Posted: May 14th, 2019 | No Comments »

In my recently published collection of essays on old Shanghai, Destination Shanghai (Blacksmith Books, 2018), I mention the Zeitgeist Bookstore, a small left-wing establishment run by the German communist Irene Weitermeyer in the late 1920s. It was on the North Soochow Road (now Suzhou Bei Lu). Lu Xun was a regular visitor, as was Agnes Smedley, as well as the Cominetern agents Richard Sorge & Hotsumi Ozaki. I’m convinced Roger Hollis was recruited there by the Soviets in the late 1920s and later became Britain’s “Fifth Man”. You’ll have to read the essay ‘Red Sojourners at the Zeitgeist Bookstore’ for the whole argument.

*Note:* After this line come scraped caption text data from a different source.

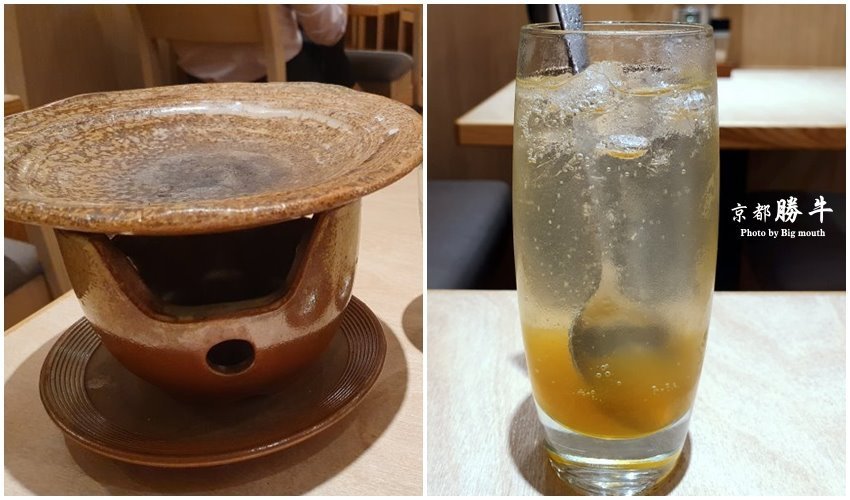 【桃園美食】京都勝牛．外酥內嫩、吃法多元的炸牛排在台茂也吃得到!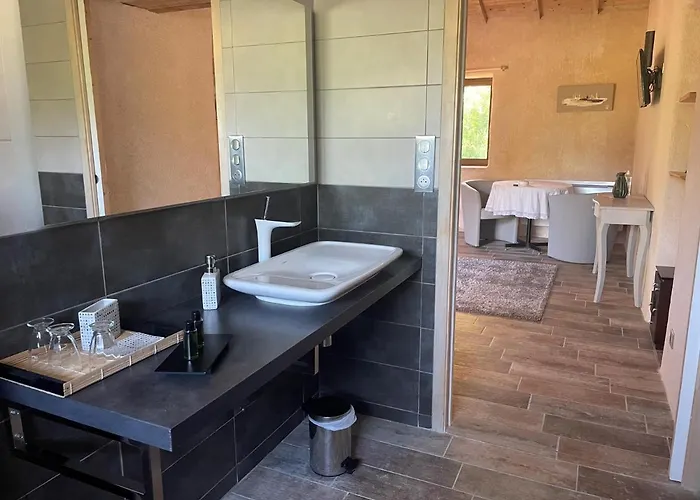 Le Petit Courault 3* Pamproux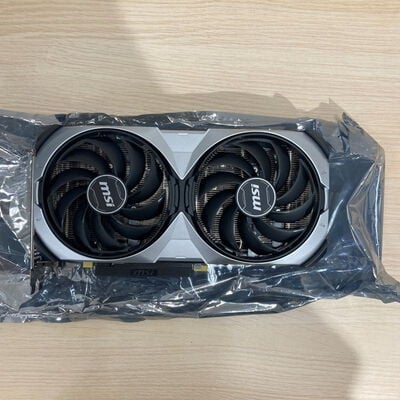 【静岡東瀬名店】中古  MSI GeForce RTX 4070 Ti SUPER 16G VENTUS 2X OC (RTX4070TiSUPER 16GB) 5140000785 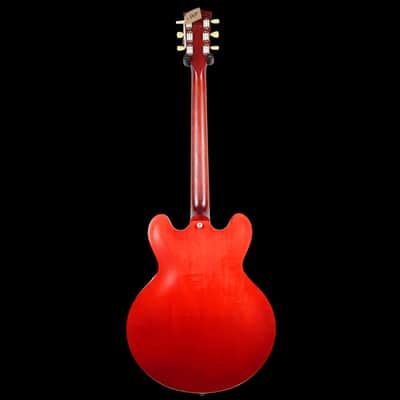 Gibson 2023 ES-335, Satin Cherry image 4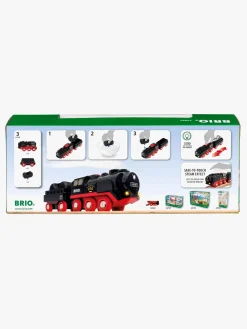 BRIO 33884 Klassisk Damplokomotiv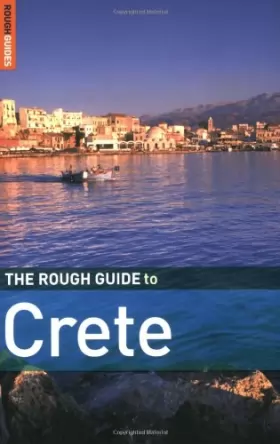 Couverture du produit · The Rough Guide to Crete 7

Anyway, Lu Xun, himself of course a man of generally left wing opinions, also spoke German and enjoyed the conversation there. He recalled in his memoirs being introduced, in 1932, by Agnes Smedley, and Ursula Hamburger (another Comintern spy in Shanghai), to the woodcuts by the Berlin artist Kathe Kollwitz. Kollwitz was a friend of Smedley’s from her Berlin sojourn between 1921 and 1928. However, I think either the exhibition was a year earlier, or Lu Xun already knew Kollwitz’s woodcuts.

This woodcut from Kollewitz appeared in Beidou (Big Dipper)

The fascinating new collection of various pieces of journalism by Lu Xun, Jottings Under Lamplight (edited by Eileen J Cheng & Kirk A Denton – Harvard University Press) shows his thinking when he selected a Kollwitz woodcut – The Sacrifice (1923) – to commemorate his friend Rou Shi (who had been devoted to his mother), a left wing writer executed by the KMT for his communist beliefs in 1931. Lu Xun was an admirer of Kollwitz’s and German expressionism; Rou Shi apparently introduced him to woodcuts in general as an art form.

The image appeared in the inaugural issue of Beidou (Big Dipper)


[1] Elizabeth Emrich, Modernity Through Experimentation: Lu Xun and the Modern Chinese Woodcut Movement, (Leiden: Brill, 2014).